Reform opens up more sectors to foreign investment
China vows to further open up domestic markets to foreign investors with fewer restrictions as the country’s economic reform goes deeper.
“We have largely slashed restrictions to market access to the Chinese market to further lure foreign investment,” said Lian Weiliang, deputy head of the National Development and Reform Commission, at a news briefing on Wednesday.
He added that restrictions over the proportion of foreign equity have also been further eased in the foreign-invested projects, especially in the service and manufacturing sectors.
“It’s very important to set up a new system for an open economy and create a business environment that is more legalized and more international”, he said. “And the country’s efforts have paid off.”
China’s foreign investment has bucked the trend of the cooling global economy to increase 9.2 percent during January-August, among which investment in the service sector surged 20.1 percent from a year earlier.
In March, the country halved the number of industries that used to be off-limits to foreign investors, another big step toward a more favorable business environment amid reforms.

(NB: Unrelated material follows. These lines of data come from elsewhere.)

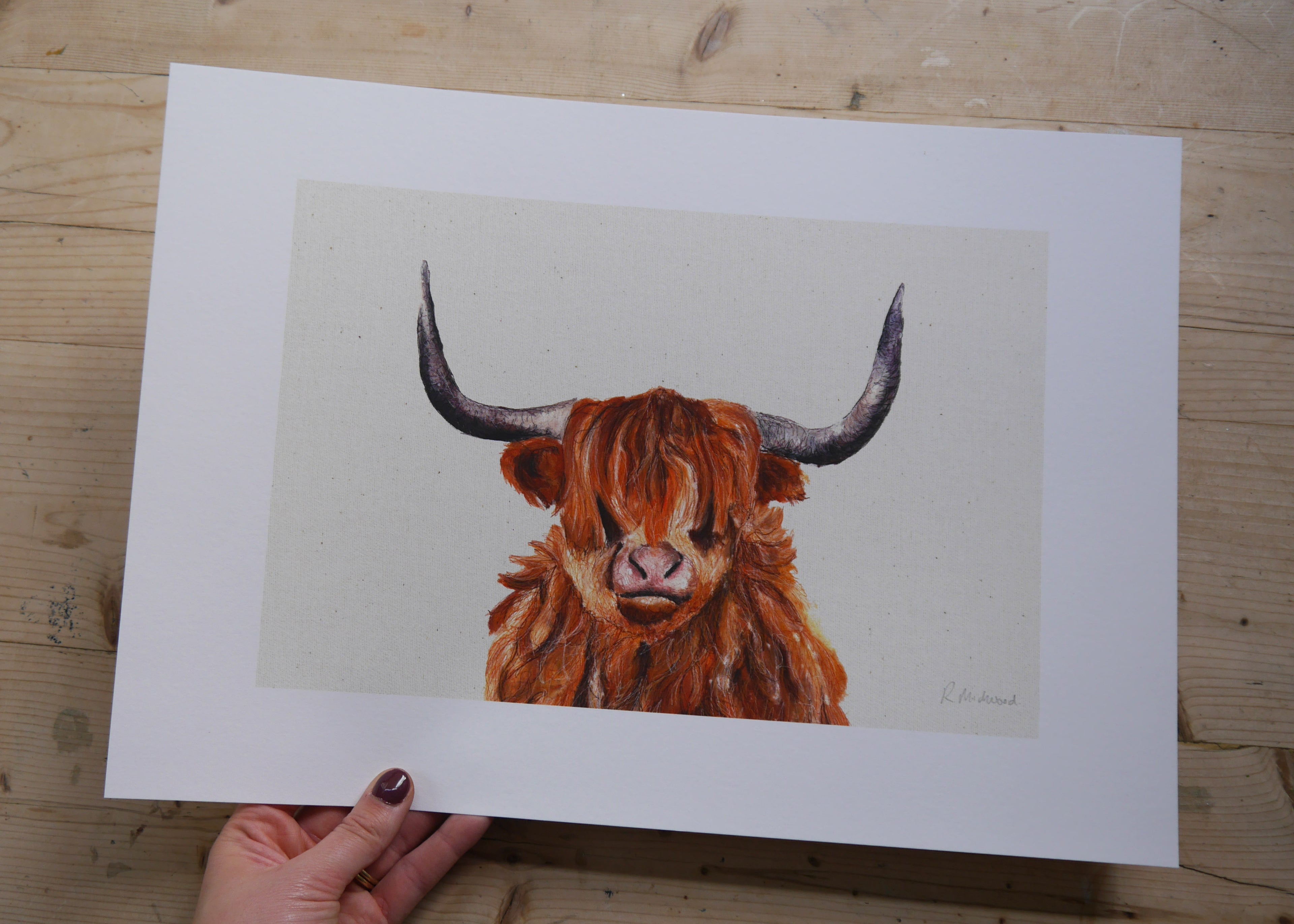 Highland Cow Art Print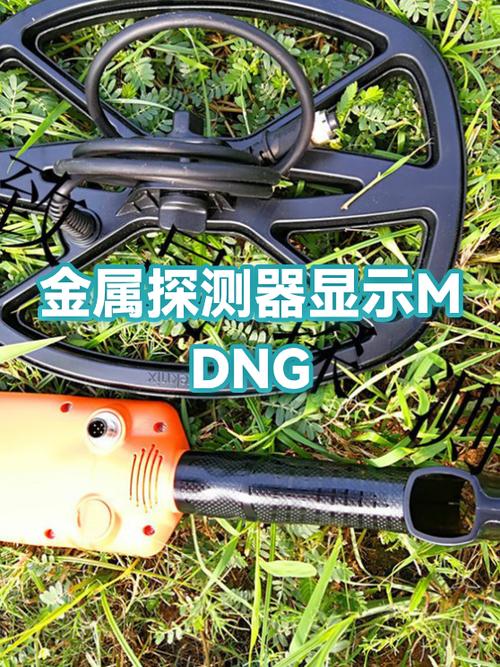 金山s探测器多少钱一台缩略图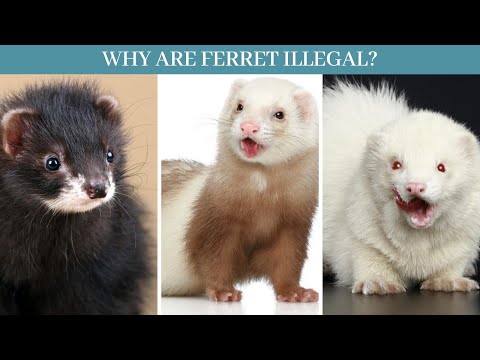 Video: Apakah Ferrets Dilarang di Negara Anda?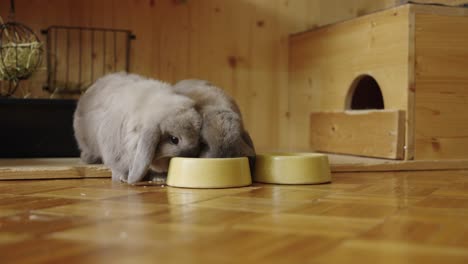 Chewing-bunnies,-eating-oat-flakes,-Grey-bunny-eets-faster,-UHD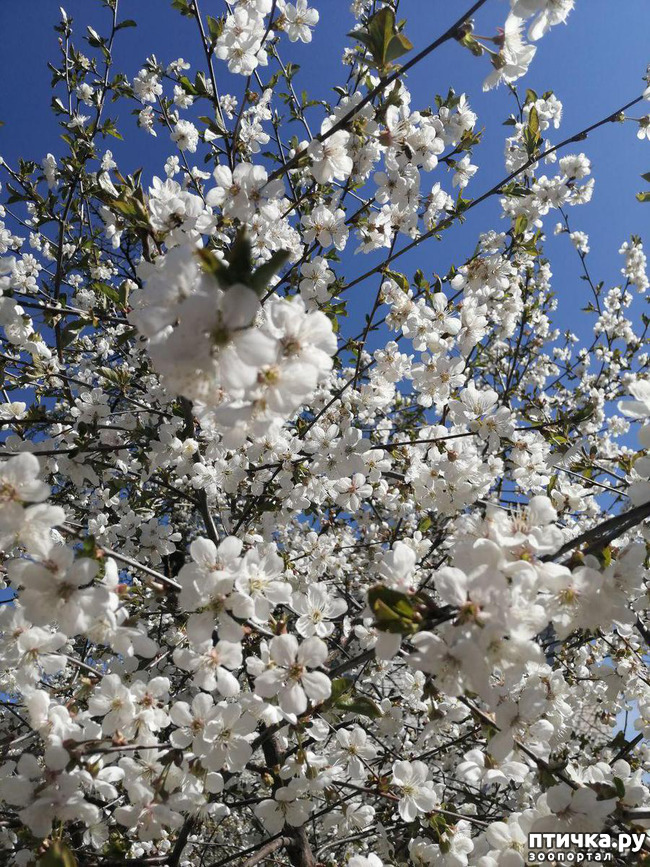 ���� 2: ����� ��� ����������;)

Lian said the country has been gradually shifting to the “negative list” approach to better regulate market access and encourage foreign investment.
The negative list, which identifies sectors and businesses that are off-limits for investment and allows investment in all other sectors, was first announced in September 2013 in the Shanghai Free Trade Zone and then extended to the other three FTZs in Guangdong, Tianjin and Fujian a year later.